QOTD (from an old IMO): show that none of these sums are integers

Here’s an old IMO question (or maybe it’s off one of the short or long lists) that I haven’t made any progress on:

Show that for any natural numbers \(a\) and \(n\) the sum
\[
1 + \frac{1}{1+a} + \frac{1}{1 + 2a} + \cdots + \frac{1}{1+n a}
\]
is not an integer.

An obvious and cool corollary is that the harmonic numbers are never integers.

  • I can give this a try, if you want still.

    This week, I have a bit of spare time.

  • If you get time, there is an interesting probability problem (a) on page 7 (here: http://isites.harvard.edu/fs/docs/icb.topic1025991.files/8%20-%20ConditionalProbability.pdf) about “true” prophets.

    See what you make of it.

  • swiftset

    Sure, give it a shot. I haven’t worked on it in a while, but I think a fruitful approach might be to try and sandwich it with log-like integrals and then somehow (this is the bit I haven’t been able to do) argue that there aren’t any integers between the two integrals.

    The true prophets problems look like applications of Bayes’ theorem.

  • Whoa!

    This problem, or the sum described, turns out to be a much studied.

    My original proof
    http://tinyurl.com/czleqr4

  • swiftset

    The proof doesn’t work as is: I agree with your first observation about no two terms adding up to larger than 1 unless one term is 1, but you can definitely add up more terms, none of which are 1, and get something larger than 1. You know this because the harmonic number \(H_n\) is on the order of \(\log n\), so the sequence diverges.

    I didn’t know that there was a standard proof that the harmonic numbers aren’t integers, but maybe we can adapt that for general \(a\)? It’s worth a try.

    • Sorry for the lat response. Distracted by schoolwork.
      Anyway, I see the serious error in my proof.

      I thought about it and came up with another explanation. But when I go to edit my proof, my document is nowhere to be found.

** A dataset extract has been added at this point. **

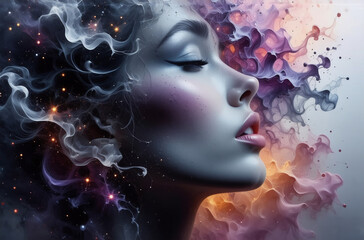 Wall Mural - elegant profile of a woman enveloped by swirling, colorful smoke. dreamlike and ethereal artwork wit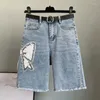 Kvinnors jeans urior 2023 sommar mångsidig hög midja nagelpärlad paljett bowknot denim shorts kvinnor tunna capris byxor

As if been deleted: everything including drafts, final copy that was both on my computer and hosted on website.
      Curious.

      Anyway, my quick work-around is this.

      The crux of the problem is wanting to show that any partial sums in the finite series cannot add to an integer.

      That means the numerator, which is a sum of the integers from the denominator from the original terms, and divided by the denominator, which is the product of said integers, must equal some integer value.

      This happens iff with perfect numbers, only case are the first three numbers in series: 1,2, & 3. Never works thereafter.

      Applying the Fundamental Theorem of Arithmetic shows that it is impossible to pull out a common factor from the numerator that can cancel out with a possible common factor from the denominator.

      I hope this is clear. I am too lazy to re-type what I original wrote from scratch, again.